Link hésita. Impa remarqua que ses joues étaient rouges et que ses yeux ne cessaient de papillonner dans tous les sens sans se focaliser sur quoi que ce soit. Il inspira profondément et fronça les sourcils.

- « J'ai cru que quelqu'un m'aimait. Et ce n'était pas le cas. J'ai cru que j'allais mourir une nouvelle fois. »

Impa resta bouche bée alors que Link baissa ses mains, les posant à plat sur ses genoux, essayant difficilement de chasser l'immense peine qui ravageait son visage au point de couler de ses yeux. La vieille Sheikah sauta de sa place, s'étonnant de voir le garçon si émotif et passa ses mains sur ses genoux. Il n'avait jamais versé une larme. Il n'avait jamais osé grogner, protester ou manifester la moindre de ses émotions. Toujours caché derrière ce masque impassible. N'affirmant jamais ses sentiments. Ni ne les affichant. Et là… là, il pleurait.

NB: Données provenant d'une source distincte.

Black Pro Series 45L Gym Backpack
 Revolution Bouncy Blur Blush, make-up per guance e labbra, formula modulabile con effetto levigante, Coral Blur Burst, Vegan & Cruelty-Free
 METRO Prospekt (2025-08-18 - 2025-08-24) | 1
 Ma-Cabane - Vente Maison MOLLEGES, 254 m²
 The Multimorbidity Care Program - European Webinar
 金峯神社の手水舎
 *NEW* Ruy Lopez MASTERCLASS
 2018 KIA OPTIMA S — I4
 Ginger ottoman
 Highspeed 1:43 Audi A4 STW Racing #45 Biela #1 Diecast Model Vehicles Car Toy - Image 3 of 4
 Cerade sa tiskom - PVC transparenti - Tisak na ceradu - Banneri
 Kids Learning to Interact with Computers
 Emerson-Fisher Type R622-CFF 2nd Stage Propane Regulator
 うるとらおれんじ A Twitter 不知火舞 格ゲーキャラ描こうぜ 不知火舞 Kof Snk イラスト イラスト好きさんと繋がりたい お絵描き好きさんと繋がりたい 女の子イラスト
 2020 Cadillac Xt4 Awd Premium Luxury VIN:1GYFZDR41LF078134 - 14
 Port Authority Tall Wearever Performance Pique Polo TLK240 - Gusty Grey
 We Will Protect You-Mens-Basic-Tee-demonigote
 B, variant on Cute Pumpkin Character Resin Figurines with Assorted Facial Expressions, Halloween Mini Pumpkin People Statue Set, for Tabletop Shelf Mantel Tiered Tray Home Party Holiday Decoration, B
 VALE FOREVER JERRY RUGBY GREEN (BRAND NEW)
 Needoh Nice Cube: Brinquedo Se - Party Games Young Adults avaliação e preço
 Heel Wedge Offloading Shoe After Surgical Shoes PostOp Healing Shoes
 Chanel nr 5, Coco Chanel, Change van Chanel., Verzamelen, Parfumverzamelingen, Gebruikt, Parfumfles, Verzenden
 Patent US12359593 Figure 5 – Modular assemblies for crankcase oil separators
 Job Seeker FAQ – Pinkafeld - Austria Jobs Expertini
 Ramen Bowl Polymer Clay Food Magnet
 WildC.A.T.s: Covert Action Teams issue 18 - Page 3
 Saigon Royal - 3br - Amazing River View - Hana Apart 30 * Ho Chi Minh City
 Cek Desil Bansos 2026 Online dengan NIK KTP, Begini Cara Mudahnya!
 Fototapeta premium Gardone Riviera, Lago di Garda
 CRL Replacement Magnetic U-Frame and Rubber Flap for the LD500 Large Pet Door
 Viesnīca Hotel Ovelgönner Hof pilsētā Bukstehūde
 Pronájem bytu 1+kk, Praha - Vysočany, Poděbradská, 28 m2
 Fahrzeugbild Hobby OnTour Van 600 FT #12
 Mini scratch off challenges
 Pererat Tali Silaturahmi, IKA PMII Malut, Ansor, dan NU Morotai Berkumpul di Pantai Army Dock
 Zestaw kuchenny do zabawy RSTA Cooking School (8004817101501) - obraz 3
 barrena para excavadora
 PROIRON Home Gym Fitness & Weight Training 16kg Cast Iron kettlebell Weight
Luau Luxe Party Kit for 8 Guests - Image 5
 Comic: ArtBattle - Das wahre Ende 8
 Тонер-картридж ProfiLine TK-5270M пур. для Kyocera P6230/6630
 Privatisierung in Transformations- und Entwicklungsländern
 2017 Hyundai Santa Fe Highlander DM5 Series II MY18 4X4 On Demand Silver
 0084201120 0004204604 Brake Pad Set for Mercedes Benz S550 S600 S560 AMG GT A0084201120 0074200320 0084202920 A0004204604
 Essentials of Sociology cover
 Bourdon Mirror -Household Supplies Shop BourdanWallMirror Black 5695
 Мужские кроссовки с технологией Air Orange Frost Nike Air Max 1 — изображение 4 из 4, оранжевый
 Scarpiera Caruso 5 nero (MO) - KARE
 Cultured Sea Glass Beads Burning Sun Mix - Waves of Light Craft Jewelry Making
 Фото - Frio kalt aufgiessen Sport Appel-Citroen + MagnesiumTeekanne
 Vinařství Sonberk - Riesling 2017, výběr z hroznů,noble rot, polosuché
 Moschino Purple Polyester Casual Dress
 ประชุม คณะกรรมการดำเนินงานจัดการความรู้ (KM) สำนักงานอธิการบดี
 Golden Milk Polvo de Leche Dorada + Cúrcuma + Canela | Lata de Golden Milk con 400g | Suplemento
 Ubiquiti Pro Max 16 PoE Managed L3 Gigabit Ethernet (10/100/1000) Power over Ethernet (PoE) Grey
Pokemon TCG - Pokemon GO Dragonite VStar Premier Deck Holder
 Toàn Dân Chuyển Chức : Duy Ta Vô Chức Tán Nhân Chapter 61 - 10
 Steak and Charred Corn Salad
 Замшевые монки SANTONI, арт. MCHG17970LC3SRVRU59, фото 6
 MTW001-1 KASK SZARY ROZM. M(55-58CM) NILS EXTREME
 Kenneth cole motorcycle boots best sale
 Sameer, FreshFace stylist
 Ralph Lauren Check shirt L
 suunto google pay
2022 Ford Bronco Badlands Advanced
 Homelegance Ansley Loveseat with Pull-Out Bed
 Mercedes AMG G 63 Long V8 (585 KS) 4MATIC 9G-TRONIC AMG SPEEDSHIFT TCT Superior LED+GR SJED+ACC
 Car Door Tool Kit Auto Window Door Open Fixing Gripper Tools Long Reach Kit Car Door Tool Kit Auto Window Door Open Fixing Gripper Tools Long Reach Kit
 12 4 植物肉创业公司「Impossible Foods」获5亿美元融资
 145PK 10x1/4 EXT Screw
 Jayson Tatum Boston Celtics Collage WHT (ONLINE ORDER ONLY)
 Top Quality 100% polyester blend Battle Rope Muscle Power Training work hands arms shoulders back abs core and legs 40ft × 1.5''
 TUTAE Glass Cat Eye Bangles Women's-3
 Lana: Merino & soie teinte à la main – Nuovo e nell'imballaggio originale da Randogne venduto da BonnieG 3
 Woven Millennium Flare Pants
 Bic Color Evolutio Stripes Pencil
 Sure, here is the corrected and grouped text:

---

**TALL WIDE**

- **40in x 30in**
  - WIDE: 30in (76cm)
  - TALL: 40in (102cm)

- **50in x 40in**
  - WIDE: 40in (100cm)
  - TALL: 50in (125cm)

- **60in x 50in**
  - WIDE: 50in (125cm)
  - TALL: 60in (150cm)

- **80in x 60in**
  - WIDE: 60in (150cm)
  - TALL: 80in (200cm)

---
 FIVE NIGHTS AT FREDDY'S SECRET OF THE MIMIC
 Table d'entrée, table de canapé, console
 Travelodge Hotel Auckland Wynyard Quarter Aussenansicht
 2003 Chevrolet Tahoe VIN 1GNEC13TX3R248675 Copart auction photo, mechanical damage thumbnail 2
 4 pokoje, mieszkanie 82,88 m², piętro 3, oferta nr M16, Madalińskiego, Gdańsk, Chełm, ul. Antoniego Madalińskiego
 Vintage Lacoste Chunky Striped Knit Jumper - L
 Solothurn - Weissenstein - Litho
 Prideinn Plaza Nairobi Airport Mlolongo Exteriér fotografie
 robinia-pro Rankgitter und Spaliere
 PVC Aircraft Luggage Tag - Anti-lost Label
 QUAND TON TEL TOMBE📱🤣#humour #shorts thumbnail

- Tu as eu le temps de t'attacher à quelqu'un ? murmura Impa.

Le sourire de Link à ce moment fût d'une profonde tendresse et d'une infinie tristesse. Par Hylia, il ressemblait enfin au jeune homme qu'il aurait dû être !

- « C'est… un Piaf et il est… »

- Si tu n'arrives pas à me dire les choses, ne force pas. Surtout si c'est douloureux.

Le jeune homme laissa sa tête tomber sur l'épaule d'Impa et devant cette fragilité émotionnelle et cette faiblesse qu'elle ne lui avait jamais connue, elle s'avoua pour la première fois de son existence dépassée par les évènements. Elle avait géré le Fléau, sa stase longue de cent ans, la reconstruction sommaire d'une Hyrule ravagée. Et la vieille femme pourtant expérimentée ne savait pas comment gérer ce qui avait longtemps été un soldat parfait.

Elle le consola du mieux qu'elle put, le laissant exprimer tout ce qu'il avait gardé pour lui, comprenant qu'à lui comme sa pauvre Zelda, tout leur avait été volé : leur enfance, leur insouciance, toute la candeur de l'enfance. Par chance, la princesse avait trouvé un substitut dans l'étude qu'elle avait fait sur les ruines antiques. Mais Link ? Elle soupira faiblement : quelles avaient été leurs erreurs ? Le Roi comme elle-même n'avait-il pas oublié quelque chose dans cette histoire ?

Quand il fût un peu apaisé, elle appela sa petite-fille et lui demanda de préparer un lit pour son invité de ce soir. Chose que Paya s'empressa de faire, installant un lit à même le sol dans la pièce principale. Elle s'occupa de tout pour que Link ne manque de rien. Ce dernier mangea ce qu'elle lui avait apporté sans vraiment discuter. Paya remarqua ses yeux bouffis et sa mine décomposée. Elle l'observa probablement trop longtemps car il remarqua son étude silencieuse et se détourna immédiatement, soustrayant son visage à sa vue. La pauvre Paya bégaya, confuse et gênée alors qu'elle récupéra le plateau et qu'elle sortit de la maison en tout hâte.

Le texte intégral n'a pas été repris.